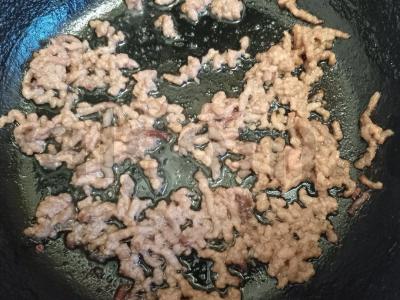 Karštas sumuštinis su jautienos faršu, kiaušiniu ir daržovėmis Žingsnis 2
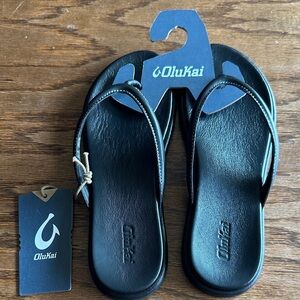 OluKai Women's Elegant Black Sandals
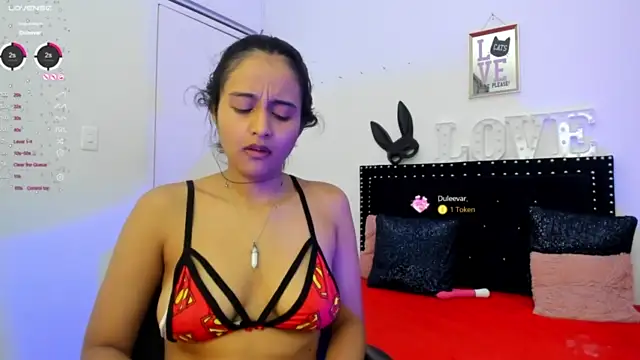 Lili666_ naked stripping on cam for live sex video chat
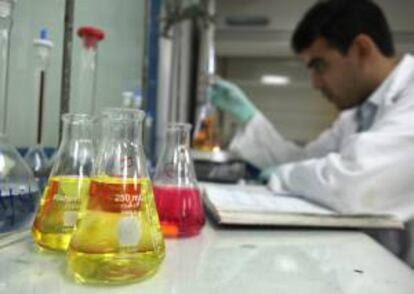 Fotografía del pasado 13 de febrero del analista químico Randyson Santos realizando un estudio en el Instituto de Innovación en Biotecnología e Industria, donde se trabaja para mejorar la economía agrícola con la utilización de innovadoras tecnologías, en Santo Domingo (República Dominicana).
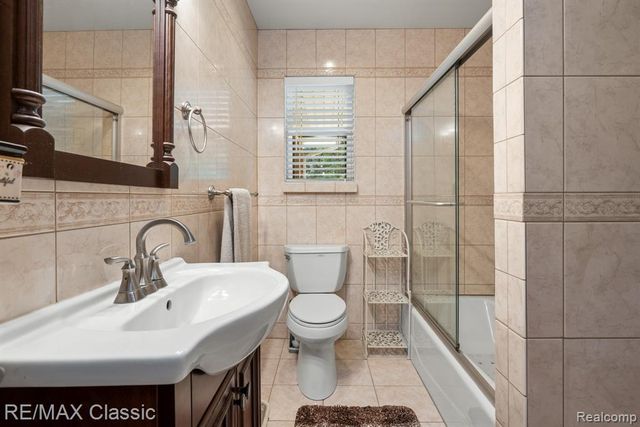 41700 W 11 Mile Road, Novi, MI 48375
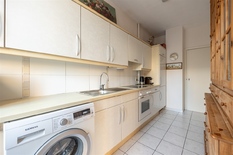 ANTWERPEN - Oudaan: Ruim en lichtrijk appartement met 3 slaapkamers op toplocatie. EPC label B.

Dit appartement is gelegen in hartje Antwerpen, aan de meest prestigieuze winkelstraten en op wandelafstand van al het beste dat Antwerpen te bieden heeft.
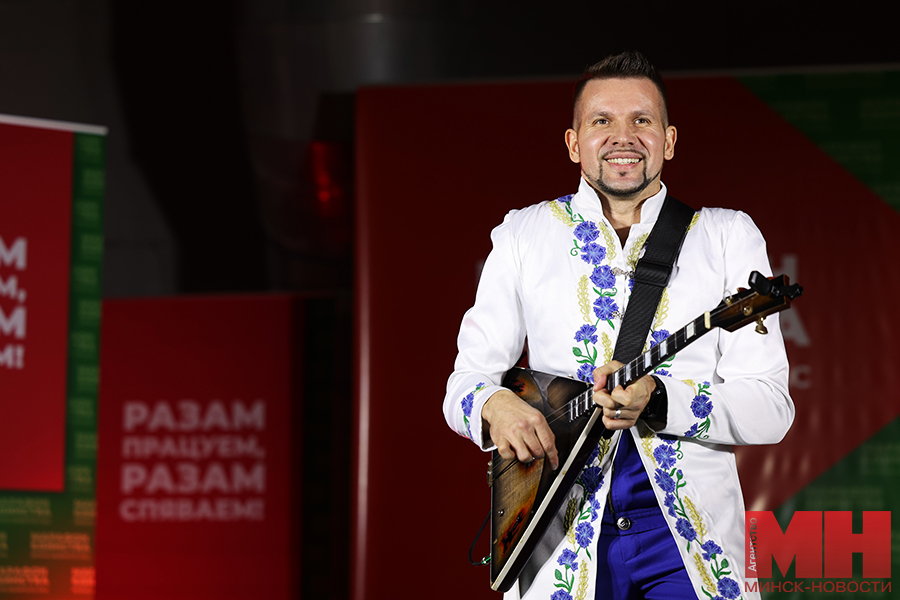razam praczuem razam spyavaem lukashov 08 kopiya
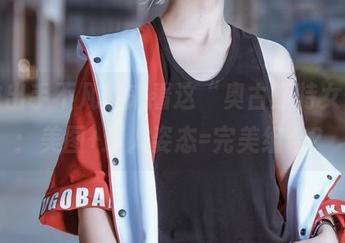 渊秧出手不凡，来看这“奥古斯特女仆”：美图+迷人姿态=完美组合？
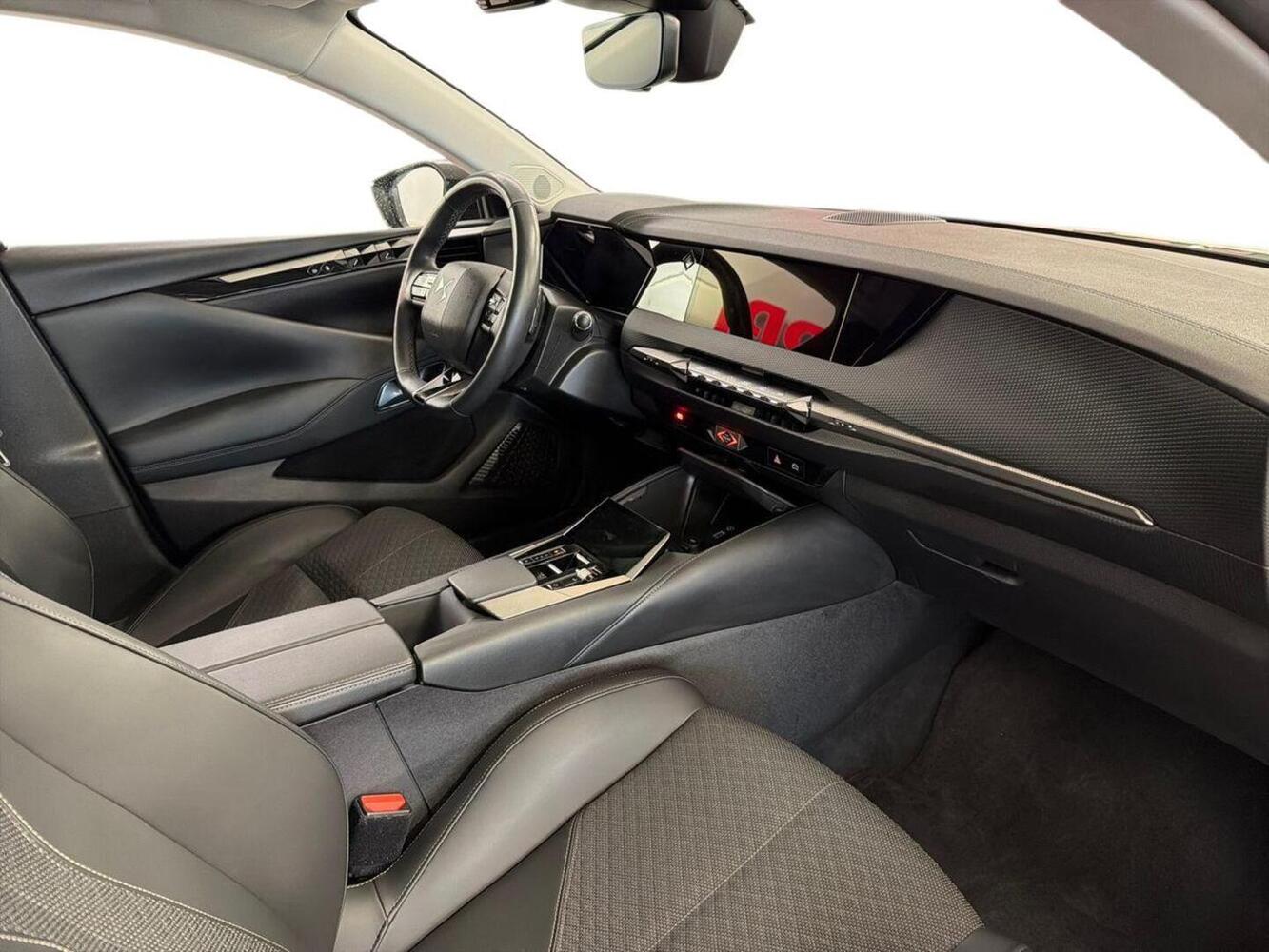 DS 4 vaihtoauto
----------
# PROBLEM DESCRIPTION
Once the pictures have been removed, reproduce each line of the material above exactly.

# TASK ANSWER
 Karštas sumuštinis su jautienos faršu, kiaušiniu ir daržovėmis Žingsnis 2
 OluKai Women's Elegant Black Sandals
 Lili666_ naked stripping on cam for live sex video chat
 Fotografía del pasado 13 de febrero del analista químico Randyson Santos realizando un estudio en el Instituto de Innovación en Biotecnología e Industria, donde se trabaja para mejorar la economía agrícola con la utilización de innovadoras tecnologías, en Santo Domingo (República Dominicana).
 41700 W 11 Mile Road, Novi, MI 48375
 ANTWERPEN - Oudaan: Ruim en lichtrijk appartement met 3 slaapkamers op toplocatie. EPC label B.

Dit appartement is gelegen in hartje Antwerpen, aan de meest prestigieuze winkelstraten en op wandelafstand van al het beste dat Antwerpen te bieden heeft.
razam praczuem razam spyavaem lukashov 08 kopiya
 渊秧出手不凡，来看这“奥古斯特女仆”：美图+迷人姿态=完美组合？
 DS 4 vaihtoauto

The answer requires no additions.